Each line of the material should be set down exactly. Pictures are not part of the copy.

» The data:
=== Section Start ===

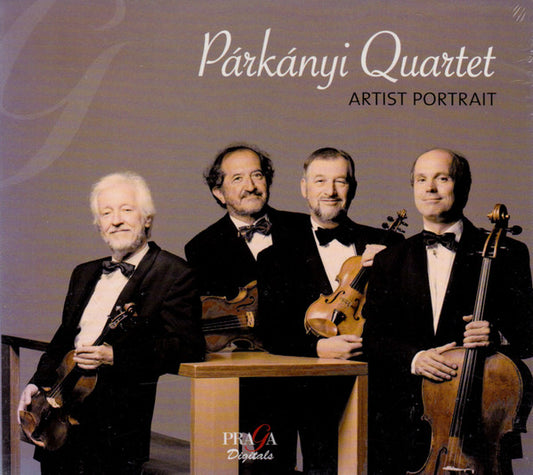 Párkányi Quartet : Artist Portrait (SACD, Multichannel, Comp, DSD)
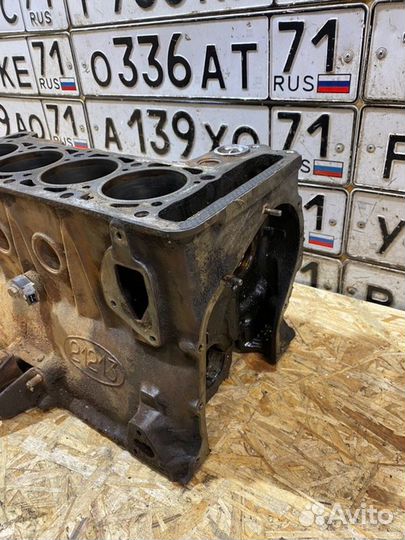 Блок цилиндров Chevrolet Niva 2006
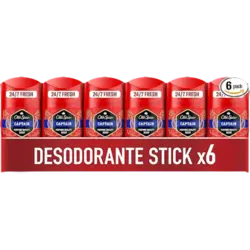 Old Spice Capitán 6 Pack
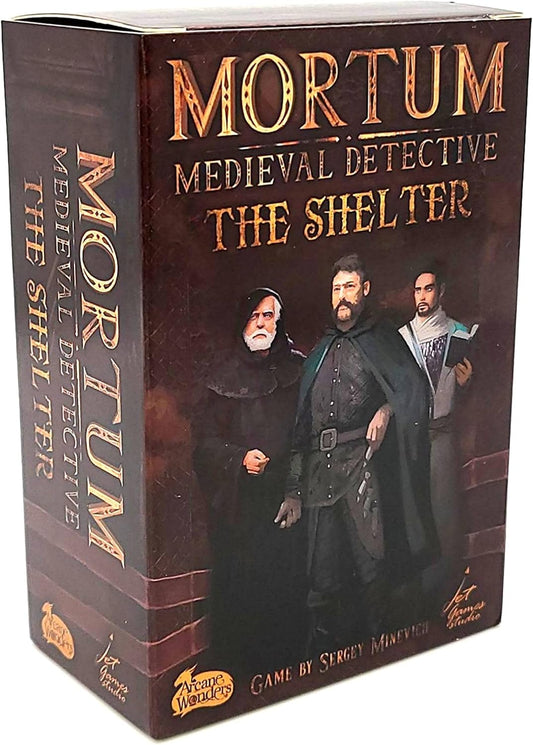 (BSG Certified USED) Mortum: The Shelter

=== Section End ===

» Task answer:
 Párkányi Quartet : Artist Portrait (SACD, Multichannel, Comp, DSD)
 Блок цилиндров Chevrolet Niva 2006
 Old Spice Capitán 6 Pack
 (BSG Certified USED) Mortum: The Shelter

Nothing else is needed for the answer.